A Ferret Called Mickey is a 2003 Irish short film directed by Barry Dignam about a father who tries to get his young son involved in more "manly" pursuits (such as rabbit hunting) by getting him a ferret.

==Plot==
Paulie is having a pretend tea party with his sister and his doll in the garden while his father and mother watch from inside the house. Paulie's father, Jim, is annoyed that his son is wearing his mother's dress and takes him to Dougie O'Neill to buy a ferret so that they can go rabbit hunting. Paulie picks a ferret and calls him "Mickey".

Jim takes his son into the countryside in the rain to find a rabbit burrow. Jim tells Paulie to release the ferret who scares the rabbits out of the burrow and into a net where he hits them with a shovel. Paulie is upset when he learns that the true meaning of hunting is to "kill bunnie rabbits". They arrive home with a table full of dead rabbits, to which Jim's wife complains what she is to do with them. He tells her to make rabbit stew. When Jim goes to the shed, Paulie tells him that he fed Mickey éclairs so he isn't hungry anymore and so won't have to kill any more rabbits.

At dinner, Paulie refuses to eat the rabbit meat and runs out to the shed. When Jim confronts Paulie he tells him to put Mickey back in his cage and go finish his food; but Paulie refuses and tells him to do it himself while holding the ferret up to him. Jim is actually scared of handling Mickey and backs up knocking some petrol cans over, causing the ferret to bite Paulie on the lip.
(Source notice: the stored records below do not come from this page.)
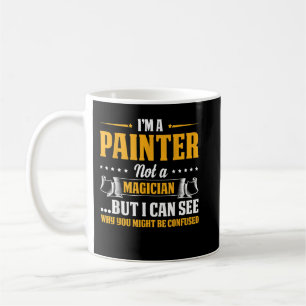 Taza De Café Soy un pintor, no un mago. Confúndete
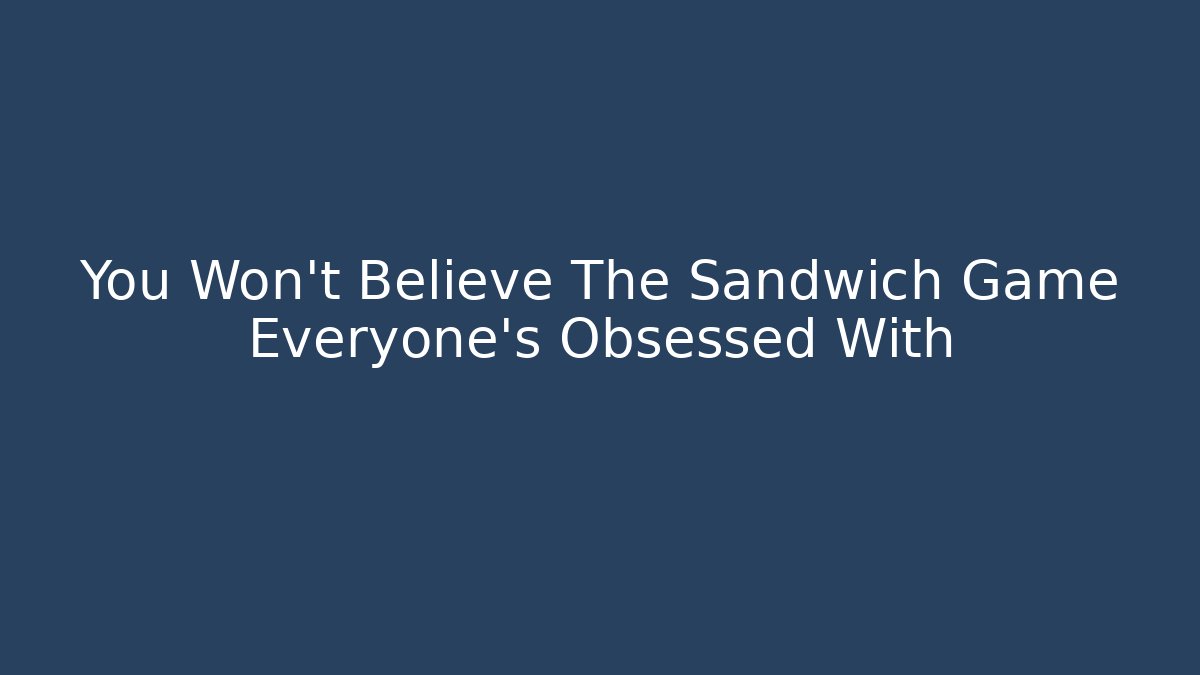 You Won't Believe The Sandwich Game Everyone's Obsessed With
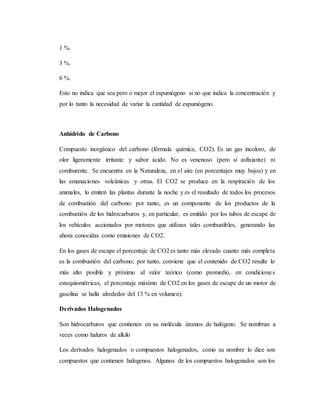 1 %.
3 %.
6 %.
Esto no indica que sea pero o mejor el espumógeno si no que indica la concentración y
por lo tanto la necesidad de variar la cantidad de espumógeno.
Anhídrido de Carbono
Compuesto inorgánico del carbono (fórmula química, CO2). Es un gas incoloro, de
olor ligeramente irritante y sabor ácido. No es venenoso (pero sí asfixiante) ni
comburente. Se encuentra en la Naturaleza, en el aire (en porcentajes muy bajos) y en
las emanaciones volcánicas y otras. El CO2 se produce en la respiración de los
animales, lo emiten las plantas durante la noche y es el resultado de todos los procesos
de combustión del carbono: por tanto, es un componente de los productos de la
combustión de los hidrocarburos y, en particular, es emitido por los tubos de escape de
los vehículos accionados por motores que utilizan tales combustibles, generando las
ahora conocidas como emisiones de CO2.
En los gases de escape el porcentaje de CO2es tanto más elevado cuanto más completa
es la combustión del carbono; por tanto, conviene que el contenido de CO2 resulte lo
más alto posible y próximo al valor teórico (como promedio, en condiciones
estequiométricas, el porcentaje máximo de CO2 en los gases de escape de un motor de
gasolina se halla alrededor del 13 % en volumen).
Derivados Halogenados
Son hidrocarburos que contienen en su molécula átomos de halógeno. Se nombran a
veces como haluros de alkilo
Los derivados halogenados o compuestos halogenados, como su nombre lo dice son
compuestos que contienen halogenos. Algunos de los compuestos halogenados son los
 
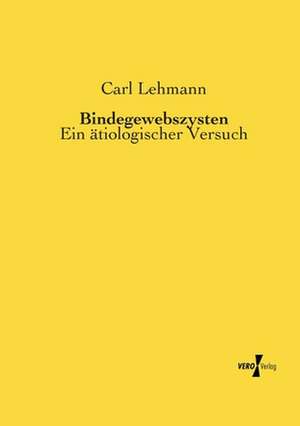 Bindegewebszysten de Carl Lehmann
While returning the ferret to Dougie O'Neill, Jim realises that he was the one that lost his nerve with the ferret and it was his intolerance that caused Paulie to getting injured.

Back in the garden, Paulie is upset about losing Mickey when Jim sits beside him and invites him on a fishing trip. When Paulie declines, he says "You'll need this then, I suppose..." and hands him his doll, and the two sit together and have a pretend tea party.